▸ TASK PROMPT:
Only an exact copy belongs in the answer: the line with "Tee-shirt à manches" and every line after it through the end of the records, pictures left out.

↓↓↓

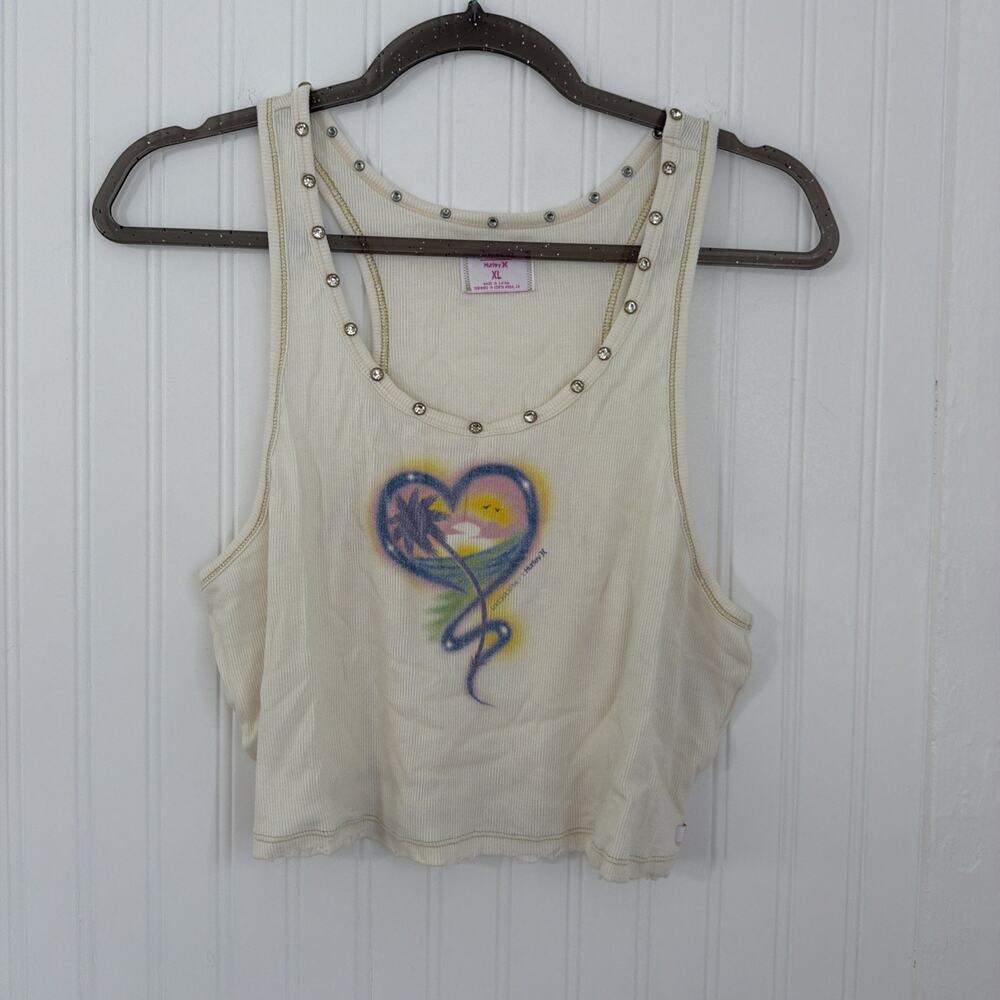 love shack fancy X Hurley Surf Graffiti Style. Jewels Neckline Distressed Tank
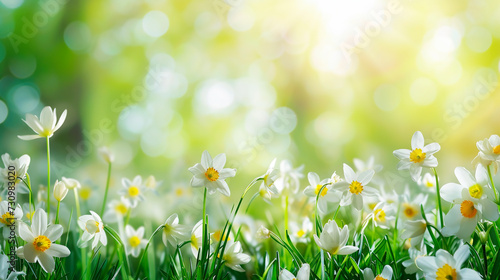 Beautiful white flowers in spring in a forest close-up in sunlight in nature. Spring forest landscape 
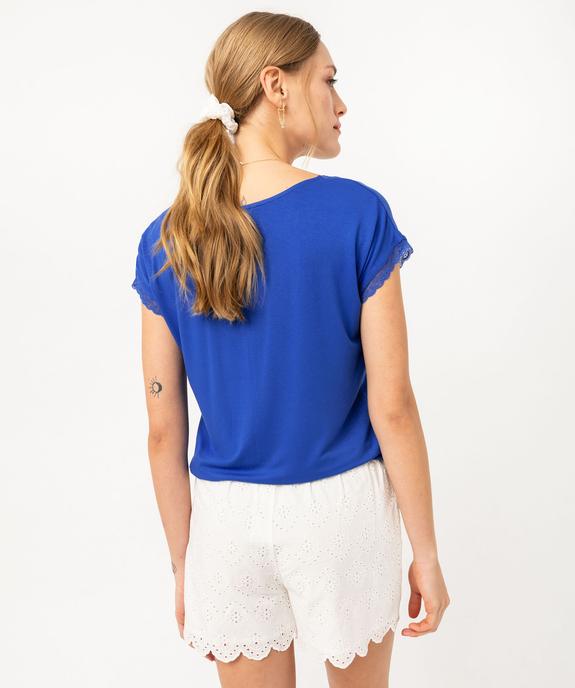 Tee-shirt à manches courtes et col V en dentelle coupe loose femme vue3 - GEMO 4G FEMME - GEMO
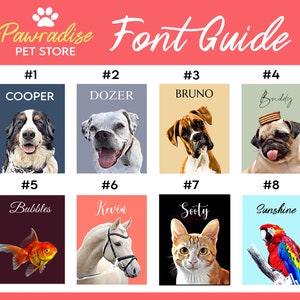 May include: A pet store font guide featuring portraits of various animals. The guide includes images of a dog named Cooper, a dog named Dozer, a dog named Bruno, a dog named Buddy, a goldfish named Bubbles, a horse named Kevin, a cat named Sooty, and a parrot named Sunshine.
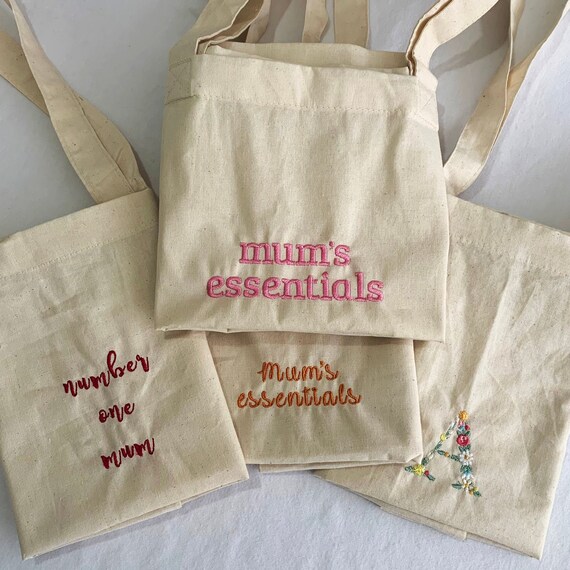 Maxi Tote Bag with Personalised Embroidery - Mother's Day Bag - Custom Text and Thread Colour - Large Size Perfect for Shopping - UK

↑↑↑

▸ COMPLETED EXERCISE:
 Tee-shirt à manches courtes et col V en dentelle coupe loose femme vue3 - GEMO 4G FEMME - GEMO
 May include: A pet store font guide featuring portraits of various animals. The guide includes images of a dog named Cooper, a dog named Dozer, a dog named Bruno, a dog named Buddy, a goldfish named Bubbles, a horse named Kevin, a cat named Sooty, and a parrot named Sunshine.
 Maxi Tote Bag with Personalised Embroidery - Mother's Day Bag - Custom Text and Thread Colour - Large Size Perfect for Shopping - UK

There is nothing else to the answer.